With housing prices growing rapidly in all parts of China, economists have long been debating whether or not the housing market is forming an ever-increasing price bubble, which is likely to burst one day. However, the development of the real estate sector is backed by several fundamental trends, which make a crash of the market less likely. Most important is the constantly advancing urbanization in combination with equally increasing GDP per capita, which leads to a sustained demand for new housing. As a matter of fact, housing prices on a national level are rising at around the same rate as the GDP per capita. The growth in income has affected all social classes, which makes acquiring housing property possible even for lower income groups.
Most Chinese view housing not merely as a commodity, but as an investment in an ever-appreciating asset and people invest a large part of their savings in real estate. For the government, the real estate market is equally important. Not only is housing a key part of the national economy, local governments also generate 20 to 40 percent of their fiscal revenue from the sale of land rights. Furthermore, a considerable part of all bank loans in China is property related. Out of these reasons, the development of the real estate sector is crucial for economic stability and the government is taking considerable efforts to control and stabilize the market.

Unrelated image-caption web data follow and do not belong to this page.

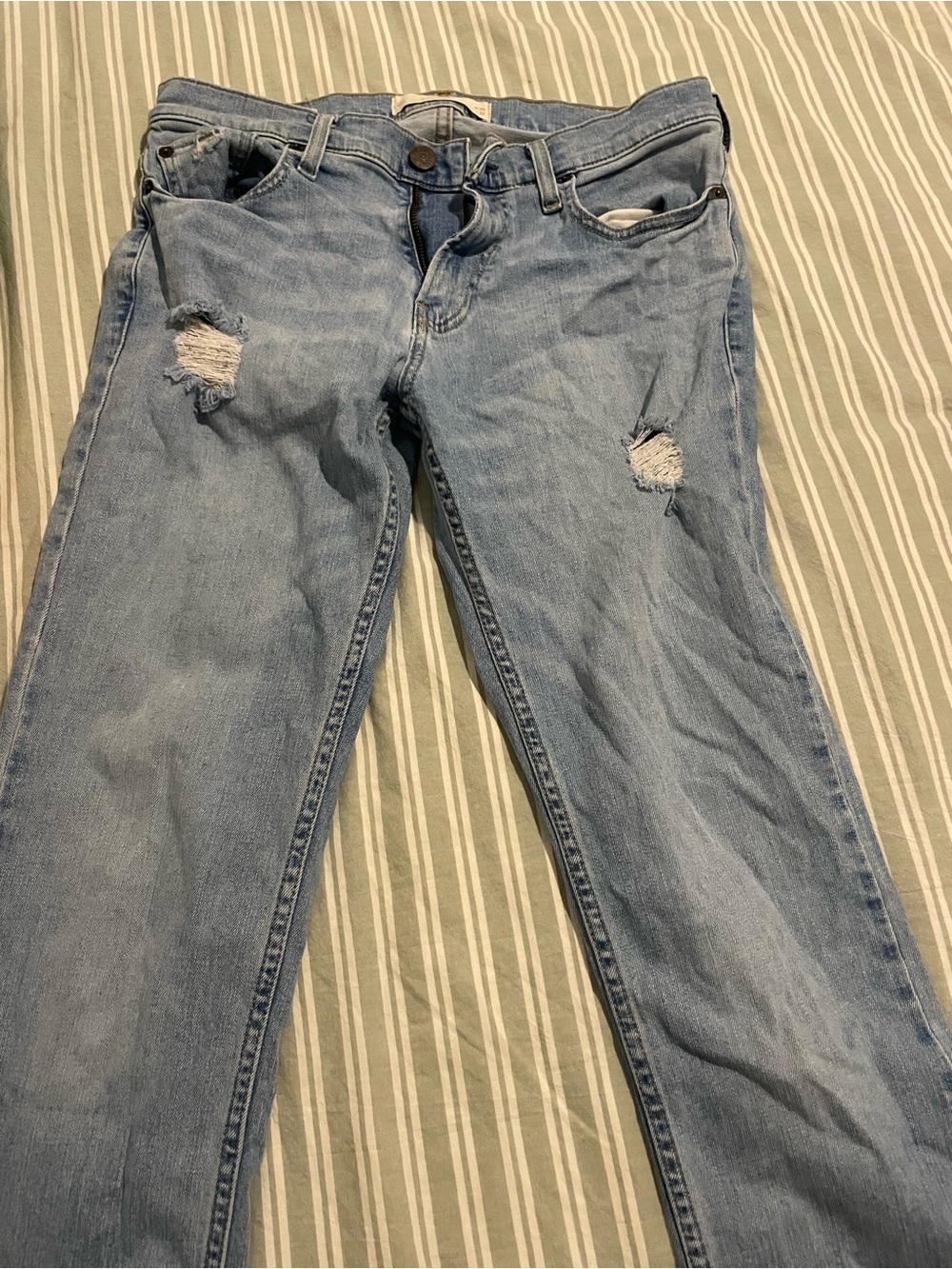 Light Blue Distressed men’s Jeans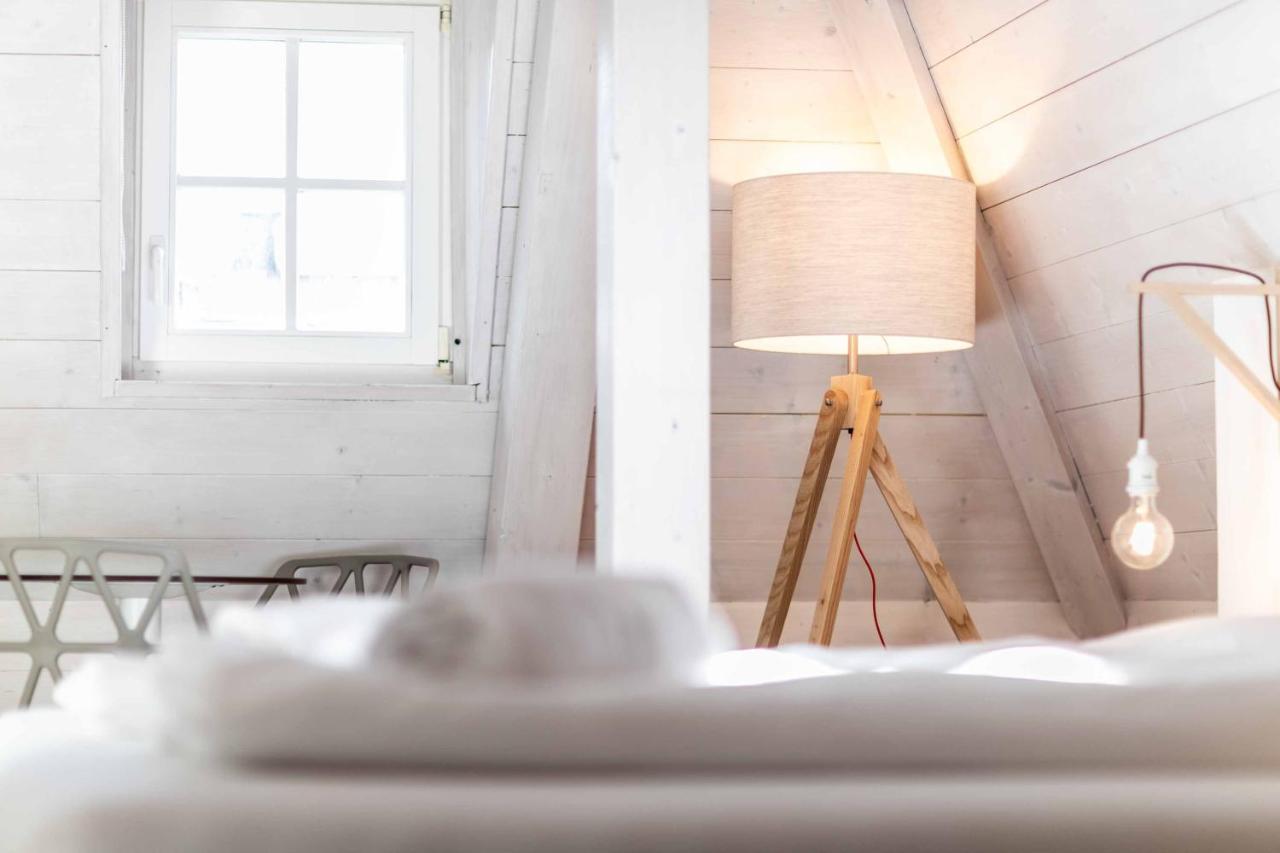 Stay Cooper L Guesthouse Zum Loewen Merano Luaran gambar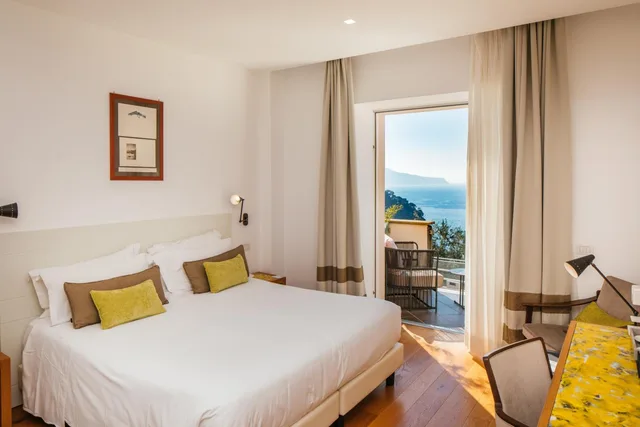 غرفة سوبيريور بسرير مزدوج بإطلالة على البحر، Villa Fiorella Art Hotel 3/5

In many Chinese cities, however, real estate prices have reached breathtaking levels. In these markets it is not very likely that the appreciation of prices will continue at the rate they did in the past. More likely, prices will rise at a slower pace. In case of economic uncertainty, moderate price corrections might also occur. At the same time, prospective buyers are focusing more on quality, as many of them already possess property and now want to improve their living conditions. For the foreseeable future it appears the secondhand market and property related services will continue to gain momentum in this environment.